It's because of how the Matcher
class handles patterns that could match an empty string. The replaceAll
method of String
is defined to work the same way as the replaceAll
method of Matcher
, which works like this:
This method first resets this matcher. It then scans the input
sequence looking for a match of the pattern. Characters that are not
part of the match are appended directly to the result string; the
match is replaced in the result by the replacement string. The
replacement string may contain references to captured subsequences as
in the appendReplacement method.
When the matcher tries to find a pattern, if the subsequence in the source is the empty string, the matcher returns the empty string but then bumps up the current index by 1, so that it does not return an infinite loop of empty strings. So here's how it operates on "Hello"
:
1) The matcher looks for .*
. Since this is a greedy match, matching as many characters as possible, it will find the substring "Hello"

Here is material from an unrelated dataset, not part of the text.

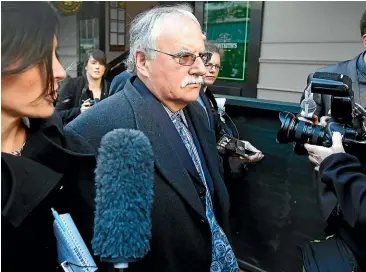  ??  ?? Fraudster David Ross pictured leaving Wellington District Court after his second appearance on fraud charges.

, and uses that, replacing it with "US"
. The current index is then positioned after the 'o'
.
2) The matcher looks for .*
again. Since it's at the end of the input, but the pattern is allowed to match an empty string, it matches the empty string and replaces that with another "US"

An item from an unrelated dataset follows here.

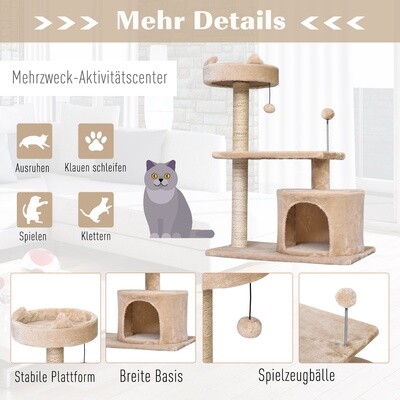 Katzenbaum 3 Ebenen Kratzbaum Katzenhöhle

. But then it bumps up the current index, which is now in a position past the end of the source.
3) The matcher looks for .*
again, but since the current index is past the end of the source, it won't find anything.
To get a feel for how it operates, try using ".*?"

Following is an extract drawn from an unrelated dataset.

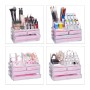 Relaxdays Make Up Organizer Acryl Pink Gestreift 4 Schubfächer 19 cm x 24 cm x 13,5 cm 1,3 kg_3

as the pattern. Now, the matcher will always use an empty string, because the ?
tells it to use the shortest string possible. It also increases the current index by 1 each time it finds an empty string. The result:
a.replaceAll("(?s).*?", ".-") //returns
".-H.-e.-l.-l.-o.-"
That is, it replaces all the empty strings between each pair of characters with ".-"
, and leaves the actual characters alone.
Moral: Be really careful with patterns that could match empty strings.
MORE: After reading your comment, where you indicate that the pattern could be input by the user, I think you could use this as a test to see if the pattern could match the empty string:
if ("".matches(inputPattern)) {
// ???
}
I'm not sure what you'd do with it. Perhaps it's always the case that if this is true, your replaceAll
will add an extra US
at the end and you can safely delete it. Or maybe you can just tell them to try a different pattern.
PPS. I'm not sure where this behavior of the matcher (i.e. increasing the current index by 1 when the match is an empty string) is documented. I didn't see it in the Matcher
javadoc. I suppose that means that a future version of the JRE could behave differently, although this seems highly unlikely.